Hey, at least important things like mobile phones, ISP's, Google, Amazon, FedEx 
and Starbucks aren't affected ;-)

> In a wide-area simulcast-overlap paging system, the transmitters in the same
> coverage area are carefully set to all transmit at exactly the same time.

That's fine. And very clever. But why is this "life safety" system tied to GPS, 
to a particular vendor, to a particular model of receiver (that clearly states 
in the documentation that it has a 1024 week / 19.6 year window of valid UTC 
times)?

> So to me "synchronizing transmitters” means the control system sends the
> traffic out to all the transmitters (over satellite) and tells them all to 
> hold the
> messages in a buffer until “the big hand points straight up” or whatever data
> command the system uses. (excuse the vernacular) 

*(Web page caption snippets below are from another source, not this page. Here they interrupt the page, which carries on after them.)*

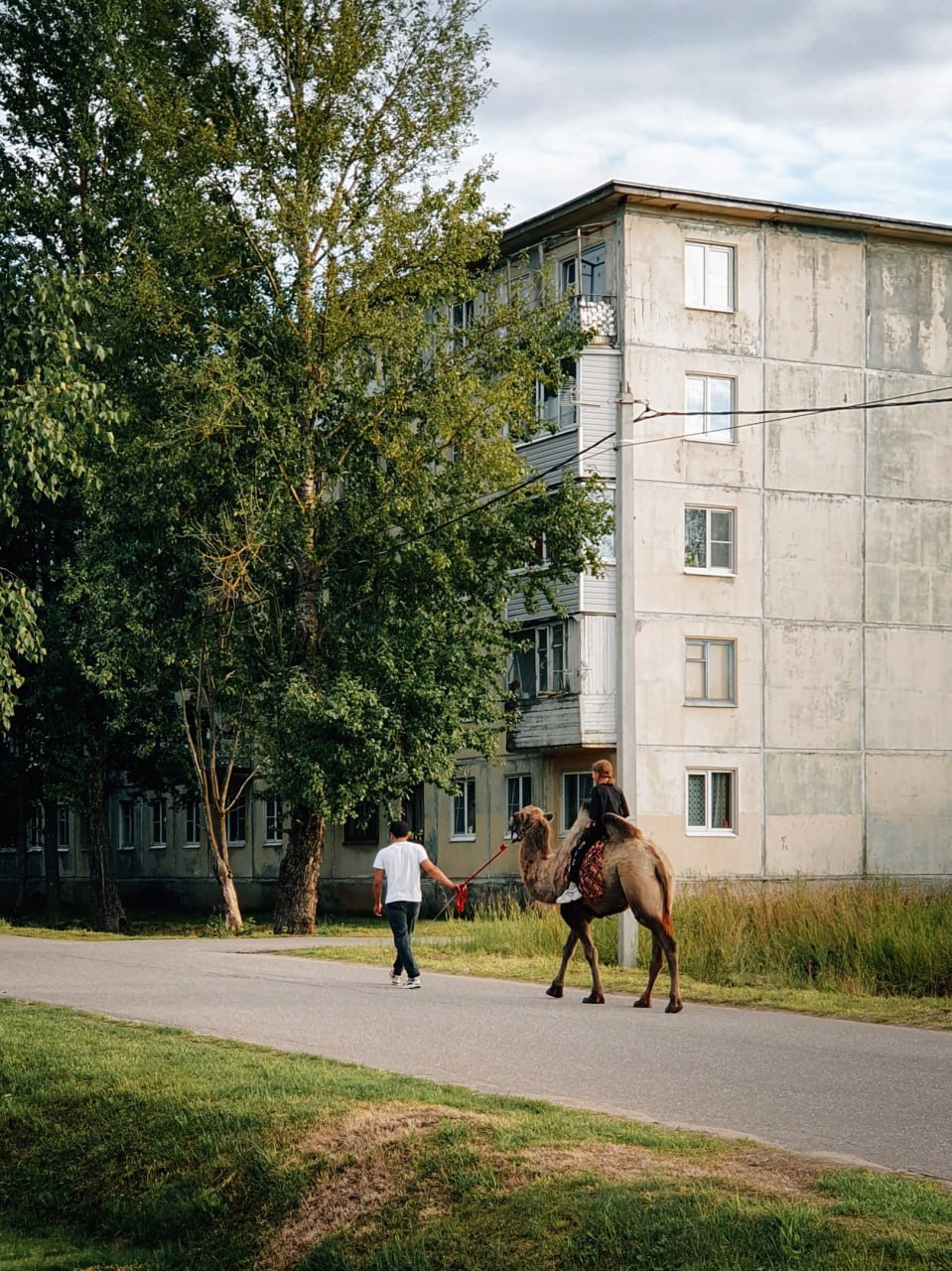 959x1280, 337 Kb / верблюд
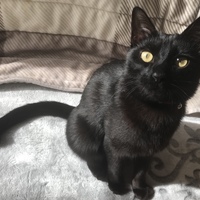 シド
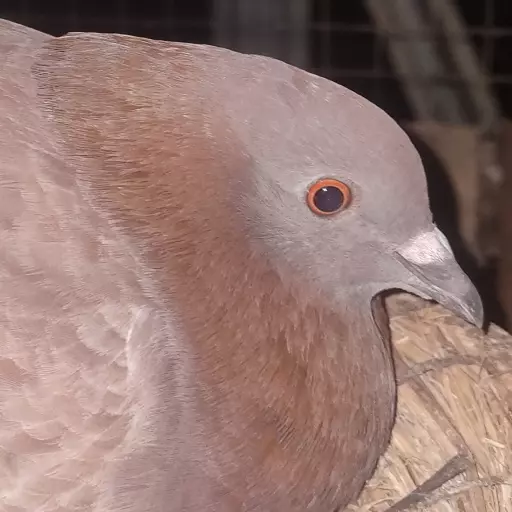 Foto Merpati Kolong BR25-000061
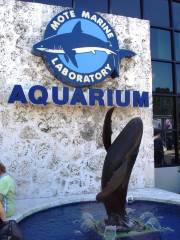 Mote Marine Laboratory and Aquarium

Exactly. In most of the precise timing world the "big hand" is the "top of the 
second", or the so-called 1 PPS pulse. The idea is that all 1PPS agree with 
each other, whether from a cesium clock, or WWVB receiver, or NTP, or GPS (or 
any other GNSS system).

Since the paging system failed it sounds like it was synchronized to some 
"hand" other than 1PPS. The rare GPS rollover events tend not to disrupt the 
1PPS output -- it is still perfectly aligned with UTC -- which is why almost no 
one else worries about the recent TBolt episode, or any other GPS receiver for 
that matter.

> The problems being experienced right now appear to be the interface of the 
> ThunderBolt
> with the Zetron Model 620 simulcast controller over TSIP. The Zetron box is 
> also called
> a “wireless data encoder.”

Ah, ok. So do you or anyone have contact within Zetron? The easy fix would be 
for them to upgrade their firmware and send out a patch. Probably cheaper than 
supplying new receivers from Trimble. I don't know; for us, a s/w fix is easy 
compared to a h/w fix or a h/w swap-out. But in the real world, once 
technicians have driven to a remote installation, maybe there's no real 
difference between a s/w fix and a h/w swap.

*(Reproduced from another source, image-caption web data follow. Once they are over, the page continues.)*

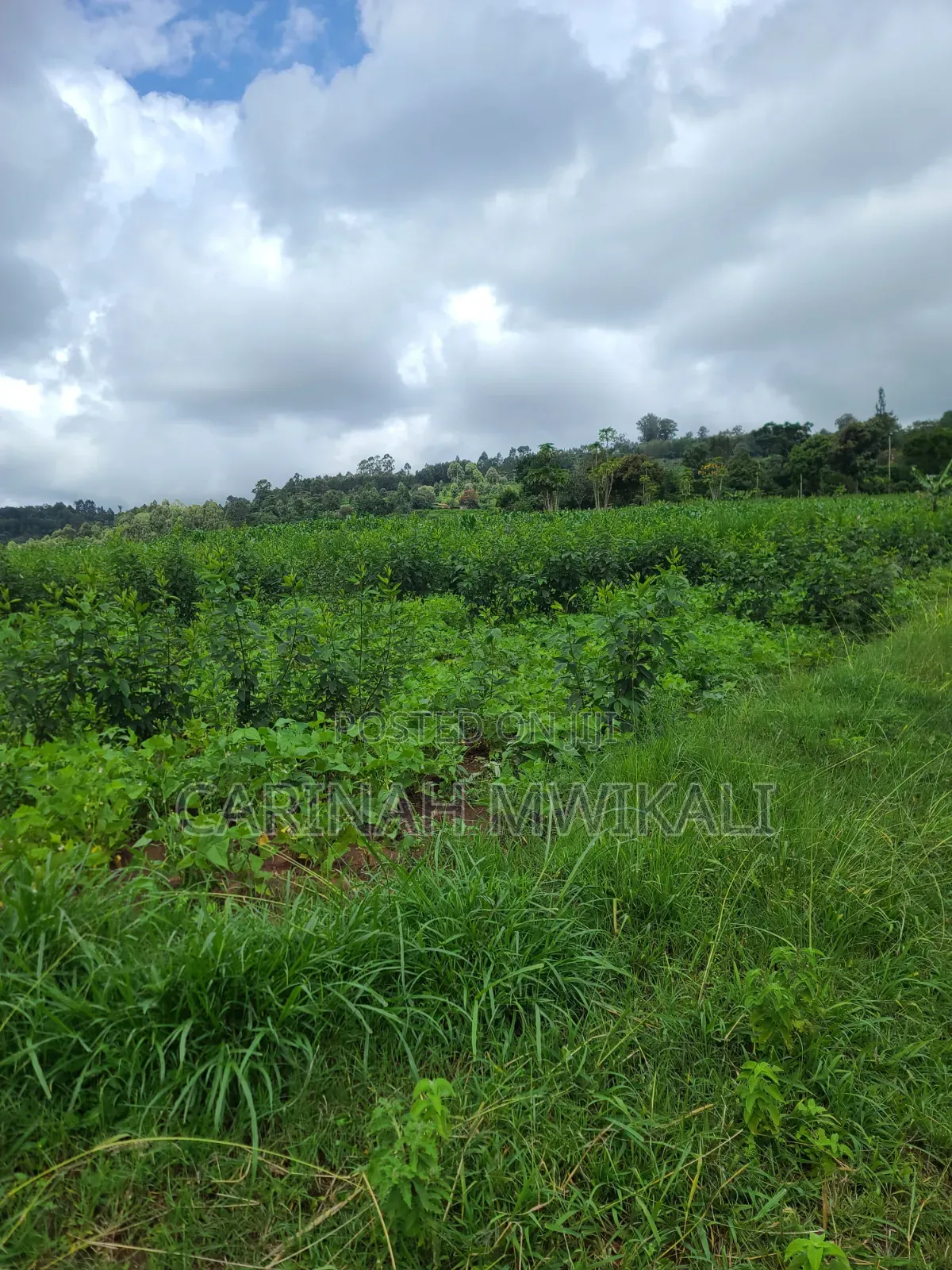 Mua Hills an Acre From as Low as 4.5m in Mua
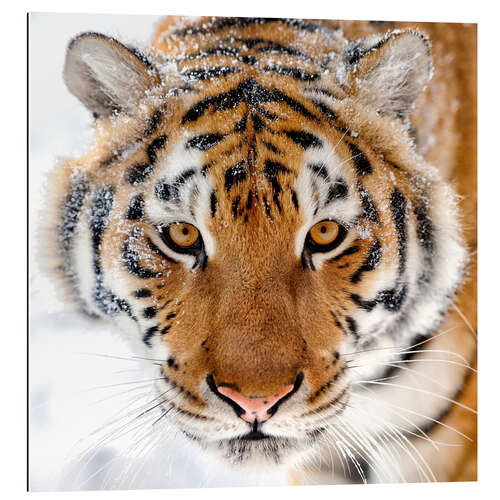 Tableau en plexi-alu Tigre sibérien dans la neige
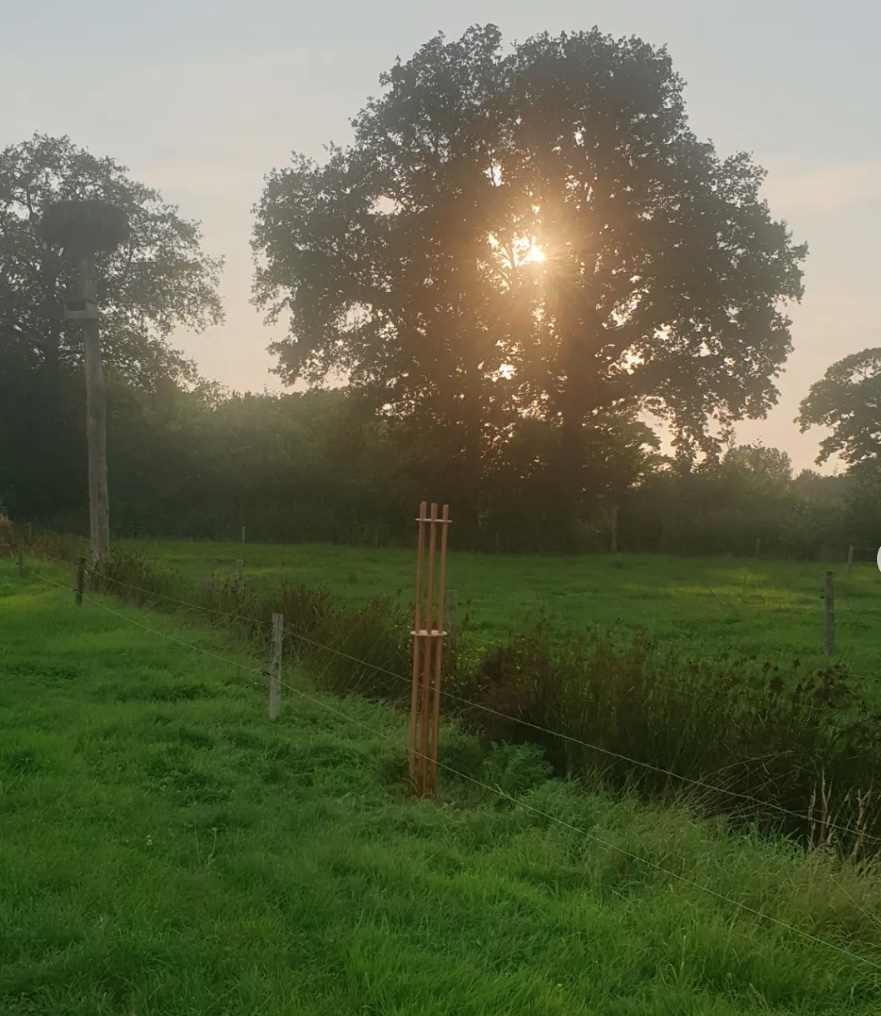 Rompenubes de orgonita instalado en exterior en Holanda, con tubos de cobre apuntando al cielo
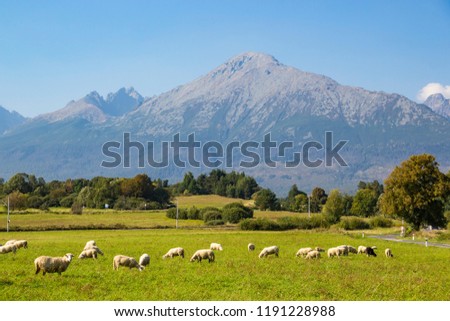 Beautiful view of High Tatras (Vysoke Tatry) mountains, and flock of sheep grazing in a green meadow, Slovakia Foto stock © 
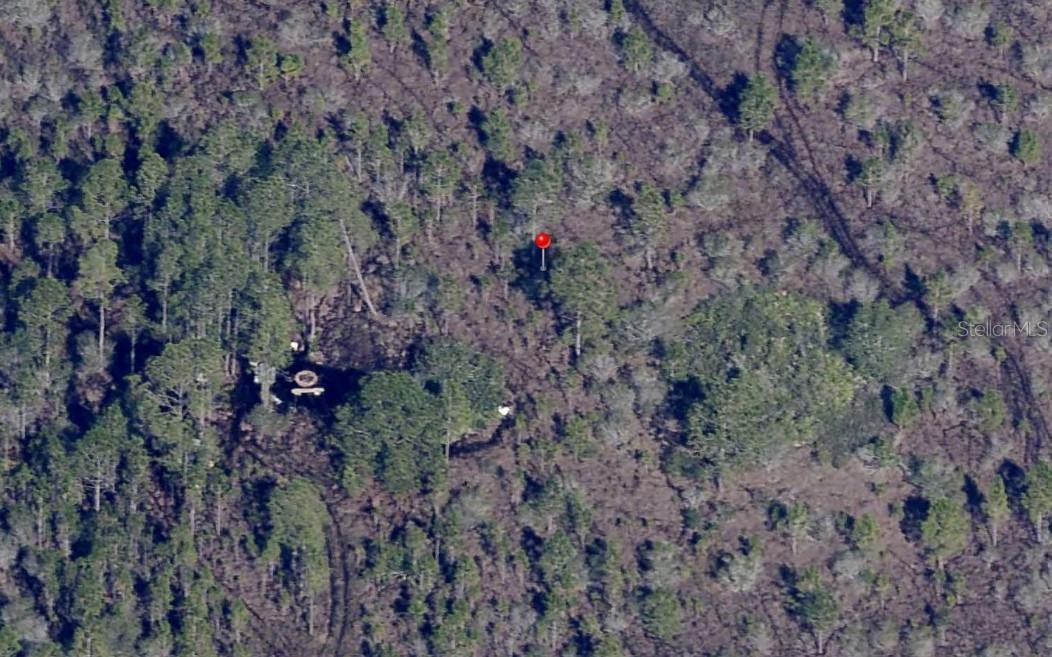HOLOPAW GROVES RD, SAINT CLOUD, FL, 34771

> It is not our goal to blame a particular piece of equipment for this problem.

Right, no need to blame. I think many of us would just want to pinpoint the 
root cause of the problem, out of engineering curiosity. By root cause I mean 
actual schematics or lines of source code. It's always been my hope, after 
every one of these widespread infrastructure events, that the actual source 
code or design decisions be published eventually so that we can all learn from 
it.

> The facts are the 1024 roll over happened and just about nobody in the paging
> business knew it was coming.

Ok, now you know about GPS rollovers! Fun, isn't it? Leap seconds are fun too.

When the dust settles, you may want to look into the more general topic of life 
safety infrastructure vs. free-from-the-sky time & frequency. These days 
nanosecond precise time is cheaper than water -- but it's also fragile. A lot 
has been written about this. It's both a wake-up call for naive vendors of 
products based on GPS alone and also an opportunity for vendors who know how to 
design and market resilient timing products.